Meet Adrian Mole, a hapless teenager providing an unabashed, pimples-and-all glimpse into adolescent life. Telling us candidly about his parents’ marital troubles, The Dog, and his life as a tortured poet and ‘misunderstood intellectual’, Adrian’s painfully honest diary is still hilarious and compelling reading thirty years after it first appeared.

Apparently, having been born and raised in Britain, I must have been living under a rock not to have read any of the Adrian Mole books before. He was the Harry Potter of the 1980s and Sue Townsend was the equivalent of J.K. Rowling. The books were read by children, teenagers and adults alike – and they still are. Since it was set in the late 1980s when Margaret Thatcher was our Prime Minister and I was just a toddler, there were a few cultural references which went over my head, but that didn’t affect my enjoyment of the novel.

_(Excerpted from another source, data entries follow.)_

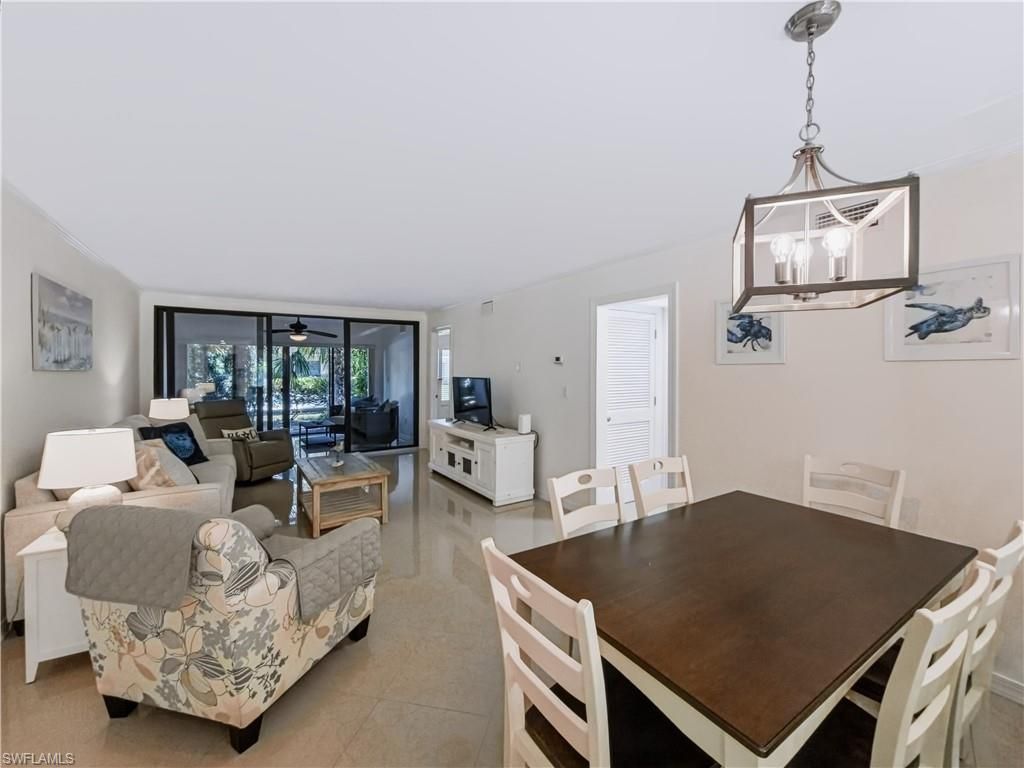 3370 10th St N, Unit 1304, Naples, FL 34103 Photo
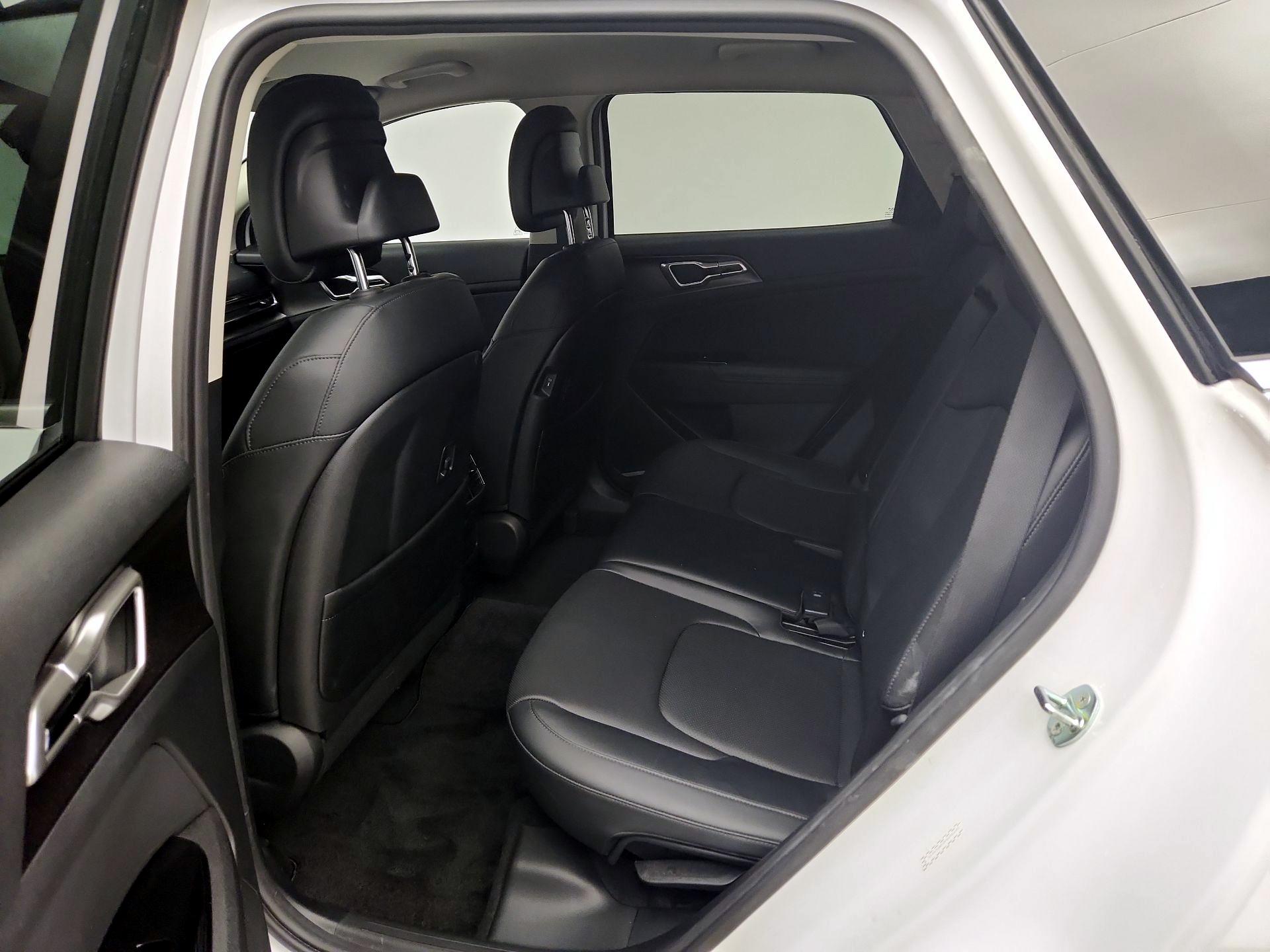 Thumbnail: 2023 Kia Sportage - 20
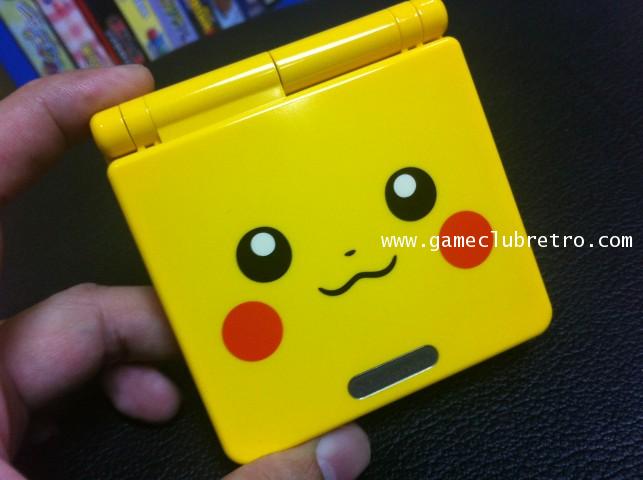 Gameboy Advance Pikachu Limited 1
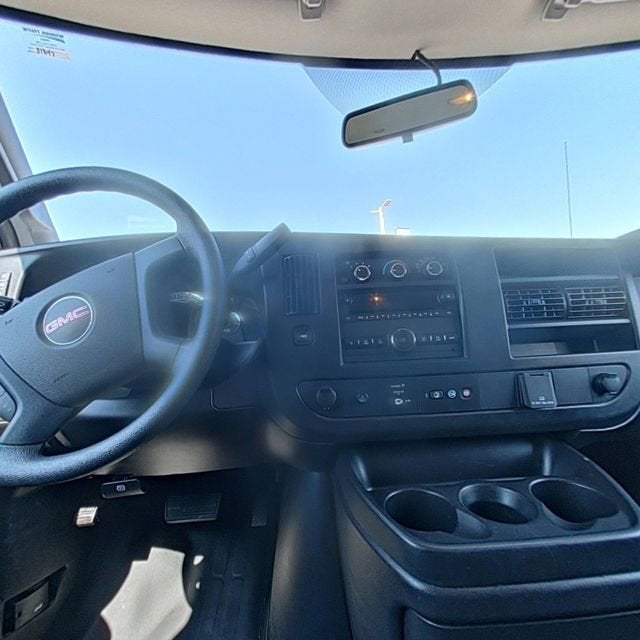 2023 GMC Savana Cargo Work Van - Photo 25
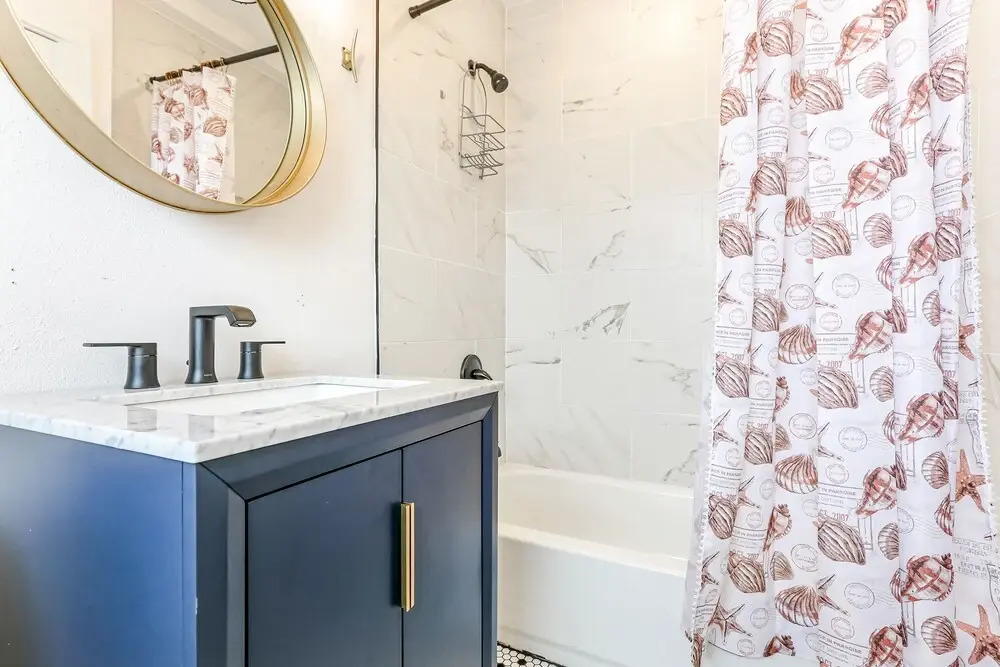 Luxury 4BR House Located 15 min to FQ and Downtown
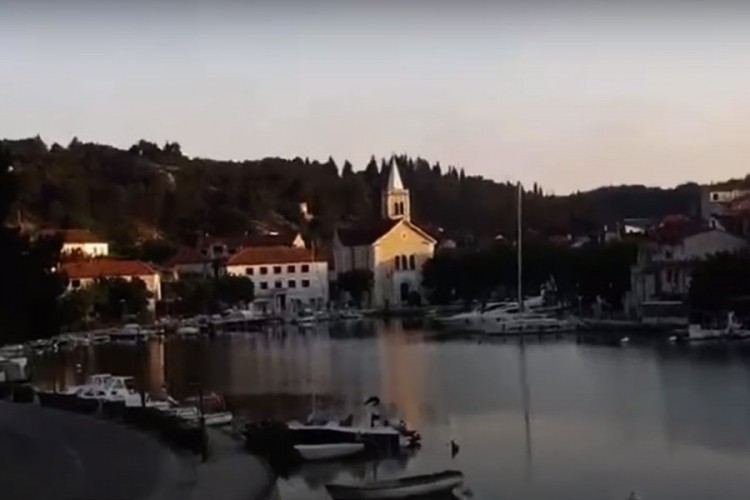 Kamere snimile trenutak potresa kod Šibenika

This was, hands down, one of the funniest books I have ever read. It takes a lot for a book to make me have a visible reaction since I usually keep my thoughts to myself while I’m reading, but this one had me full on laughing out loud to the point of tears. The whole novel is told through a series of Adrian’s diary entries, written over the course of a year, during which time he has to deal with hopeless and selfish parents, a grumpy elderly man he befriends, and the demands of Pandora, the love of his life.

I love Adrian’s way of looking at things. Life constantly lets him down and yet he takes it all in his stride with a deadpan wit that I really enjoyed. For example, when he tries to explain his troubled home life to his teacher, the response is less than satisfactory (and provides an insight into the politically incorrect days of the 1980s!):

Friday September 11th: Had a long talk with Mr Dock. I explained that I was a one-parent family child with an unemployed, bad-tempered father. Mr Dock said he wouldn’t care if I was the offspring of a black, lesbian, one-legged mother and an Arab, leprous, hump-backed-dwarf father as long as my essays were lucid, intelligent and unpretentious. So much for pastoral care! (p.159)

I think my favourite entry was from Saturday September 19th when Adrian gives a blow-by-blow account of a class trip to London with a drunken coach driver. Here’s an extract:

9.40 – Barry Kent sick in coach.

9.50 – Two girls sitting near Barry Kent are sick.

9.51 – Coach driver refuses to stop on motorway.

9.55 – Ms Fossington-Gore covers sick in sand.

9.56 – Ms Fossington-Gore sick as a dog.


4pm – Barry Kent jumps in fountain at Trafalgar Square, as predicted by Adrian Mole.

4.30 – Barry Kent disappears, last seen heading towards Soho.


6pm – Barry Kent found in sex shop. Charged with theft of ‘grow-it-big’ cream and two ‘ticklers’.

7pm – Coach leaves police station with police escort. (pp.163-165)

This book doesn’t have a compelling plot or well developed characters, but it doesn’t need to. It’s hilarious. I would highly recommend it to anyone looking for a light read and a good laugh.

Overall Rating: Book Rating Picture Book Rating Picture Book Rating Picture Book Rating Picture Book Rating Picture My bookworm rating system is explained here.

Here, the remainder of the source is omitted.